La transmission des exploitations et le renouvellement des générations est un enjeu majeur pour le monde agricole. Le dernier recensement confirme les prochains départs massifs à la retraite : en 2020, près de six exploitants sur dix ont plus de 50 ans et un sur quatre plus de 60 ans.
Si la transmission est un enjeu national pour conserver une agriculture forte sur le territoire, c’est aussi, à l’échelle individuelle, une étape décisive. Que la ferme perdure est une fierté pour beaucoup qui y voient un aboutissement de leur carrière.
Toutes les fermes sont transmissibles
Encore faut-il croire que sa ferme a de l’avenir ! Juliette Bréchet, en charge de la transmission à l’Ardear (1) Pays de la Loire, se bat contre les « idées fausses » et le pessimisme ambiant : « Certains cédants s’imaginent que leur exploitation n’est pas transmissible, qu’elle est trop petite, trop grosse ou n’intéressera pas à cause d’une conjoncture difficile… C’est faux. Toutes sont transmissibles », martèle la conseillère.
Dans les cessions comme les reprises, il en faut pour tous les goûts. Alain Chazerault, éleveur de volailles bio dans le Maine-et-Loire, y a toujours cru : « Ma ferme m’a fait vivre, elle pouvait donc intéresser quelqu’un », résume-t-il, implacable (lire son témoignage p. 45). Mais tous n’ont pas cette confiance. En Bretagne, plus de la moitié des cédants à la tête de petites et moyennes exploitations baisseraient les bras : persuadés que leur structure n’est pas transmissible, ils ne l’inscrivent pas au Répertoire départ installation (RDI), constate Sixtine Prioux, coordinatrice Transmission pour le réseau Civam. « Il s’agit de la perception des enquêtés et non d’une vérité objective. Il faut faire évoluer les représentations pour les petites fermes. »
Multiplier les rencontres
Pour poser un regard positif et d’avenir sur son exploitation, Céline Champouillon, de l’association « La brèche » dans le Puy- de-Dôme et la Haute-Loire, croit dans la dynamique de groupe : « J’encourage les futurs cédants à rencontrer leurs pairs, des porteurs de projets et jeunes installés, pour recueillir les témoignages de ce qui a facilité ou, au contraire, a bloqué la transmission. »
L’expérience des uns peut faire évoluer et ouvrir des perspectives aux autres.
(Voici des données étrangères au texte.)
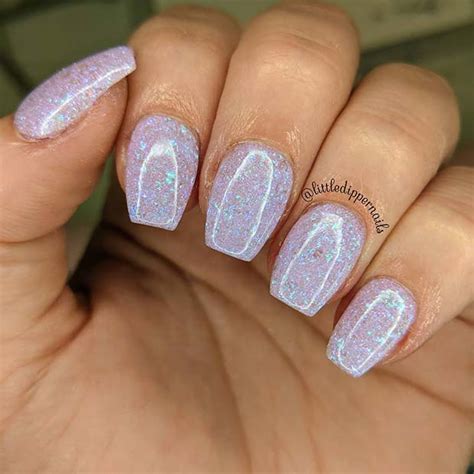 Using Glitter On Dip Nails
Pour multiplier les rencontres, les initiatives ne manquent pas : visites de fermes, formations, portes ouvertes, cafés-transmissions, réunions... Certains y ont trouvé des repreneurs, d’autres des idées pour reconfigurer leur structure et la rendre plus attractive, témoigne Sixtine Prioux. « Faire une place à une autre activité, reconstruire un bâtiment, changer sa destination, installer un collectif… La restructuration est une des solutions pour transmettre (2). »
Elle n’est pas la seule. La cession peut aussi être facilitée en allégeant le coût de la reprise par un rachat progressif du capital, par le portage du foncier pour une acquisition différée ou par la location (lire le témoignage p. 47).
Une autre démarche des cédants peut aider à débloquer une reprise : la possibilité d’une période de tuilage, via les contrats de parrainage ou les stages de la CIAP (3), pendant laquelle le candidat est rémunéré par la Région ou Pôle emploi. C’est même une condition sine qua non pour des repreneurs insuffisamment formés au métier. Souvent non-issus du milieu agricole (4), ils représentent 60 % des porteurs de projets qui passent aujourd’hui la porte des Points accueil installation transmission (PAIT).
(1) Association régionale pour le développement de l’emploi agricole et rural.
(2) « Des idées pour transmettre, et si on restructurait les fermes ? », étude Inpact, juin 2019.
(3) Coopérative d’installation en agriculture paysanne. La CIAP propose aussi des espaces-tests en maraîchage et le portage d’activité.
(4) Lire le dossier « Accueillir les repreneurs non issus du milieu agricole », dans La France agricoledu 24 septembre 2021.